先日、養老孟司さんの「遺言」という本を買った時に一緒に買い求めた本がある。
「西田幾多郎 無私の思想と日本人」 佐伯啓思:著 新潮新書
哲学というと、何か小難しい学問だと敬遠されることが多いが、実は違う。
如何に生きるかを考えること、すなわち哲学であり、
全ての人は生きている以上自覚せずとも日々哲学を体現していると言える。
では、哲学者として知られる著名人の著作に何を学ぶかというと、思考の道筋を参考にさせてもらうというほどのことだろう。

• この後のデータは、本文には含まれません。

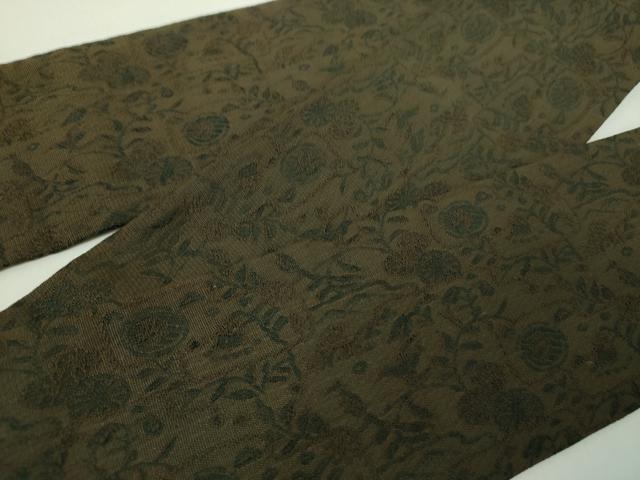 平和屋着物●男性　両面　角帯　草花文　正絹　逸品　DABE5259ps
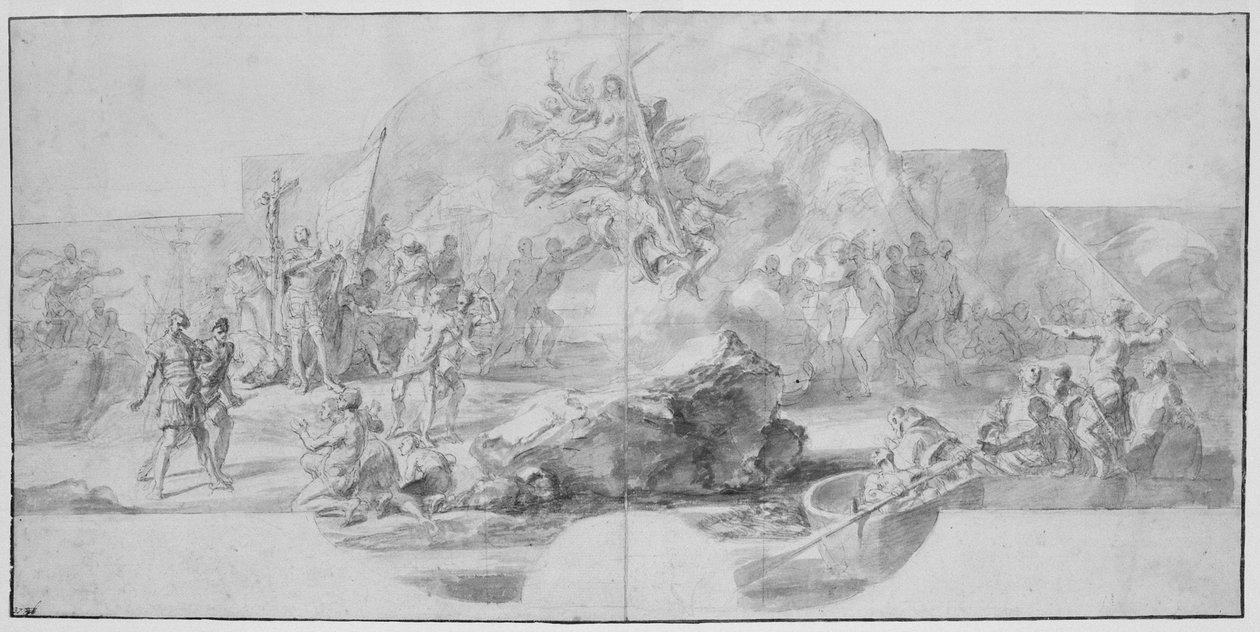 Kolumbusz partraszállása Amerikában, tanulmány a festményhez (1777 -ben megsemmisítve) a Sala del Minor Consiglio számára, Palazzo Ducale, Genova alkotó: Christopher Columbus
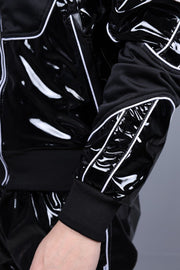 MR. RIEGILLIO PVC Tracksuit Jacket 24 Shiny Black With White Piping R10434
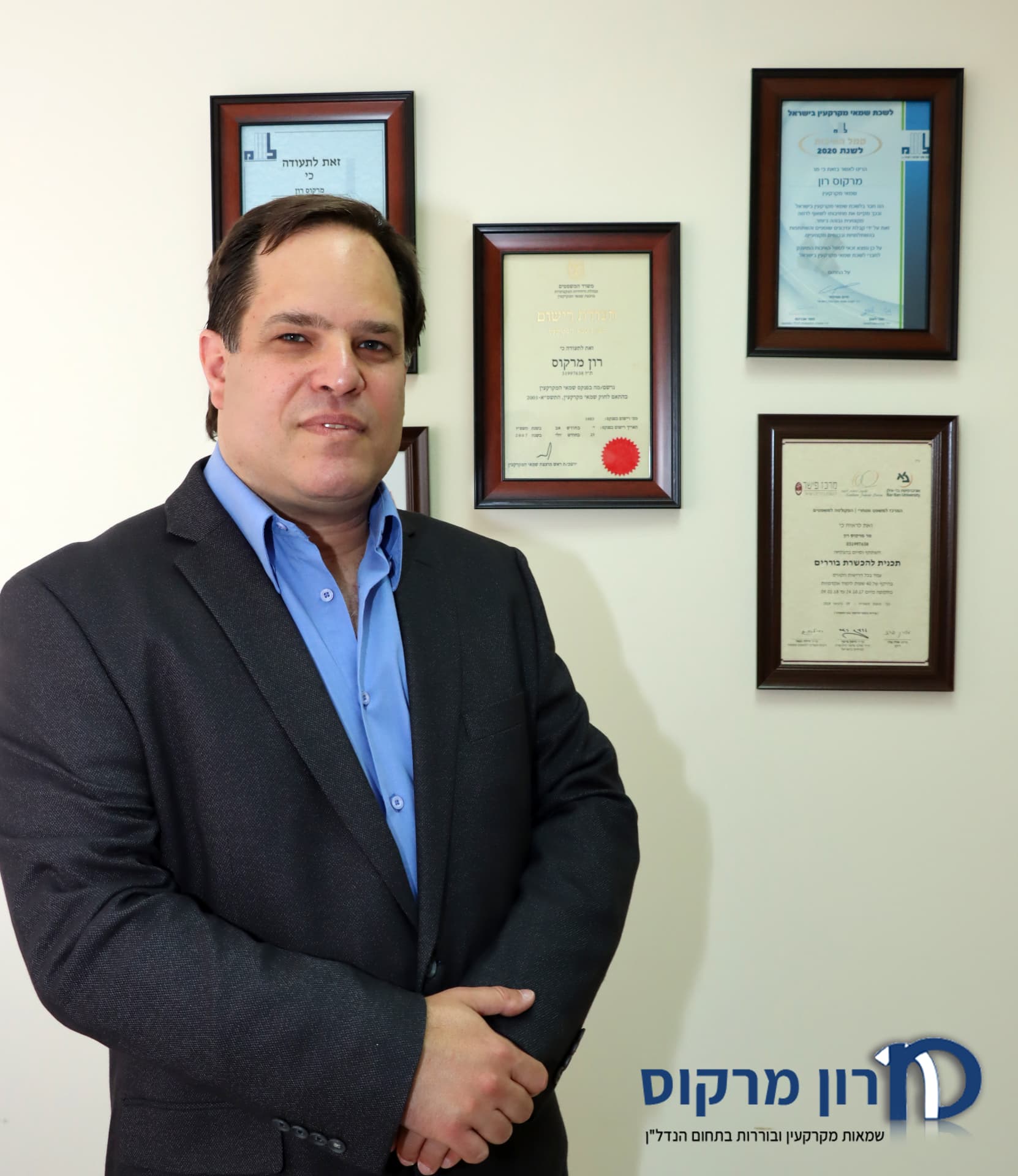 רון מרקוס, שמאי מקרקעין מוסמך, במשרד מול תעודות ההסמכה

人はそれぞれゼロからスタートして、その生を終えるまで、
面倒くさくなったからと誰かに人生を肩代わりしてもらうことはできない。
地球上の人類の歴史が何千何万年であろうと、個人の歴史は長くても百年である。
その限られた時間内で「いかに生きるか」と考える時間は限られている。
全ての人が自分の人生観を手探りするしかないのだが、
その暗闇に道しるべの明かりを灯してくれるのが哲学者と呼ばれる先人の言葉の数々であろう。
そこに万人共通の答えがあるわけではない。
それぞれの人が自分の腑に落ちる言葉を選んで自らの生き方の参考にするしかない。
哲学とは、それで良いのだと思う。
「真実一路の道なれど 真実、鈴ふり、思い出す」
まさに今、西田幾多郎の「哲学の道」を(京都にある名所ではなく)頭の中でたどりながら、鈴を振ってみようと思う。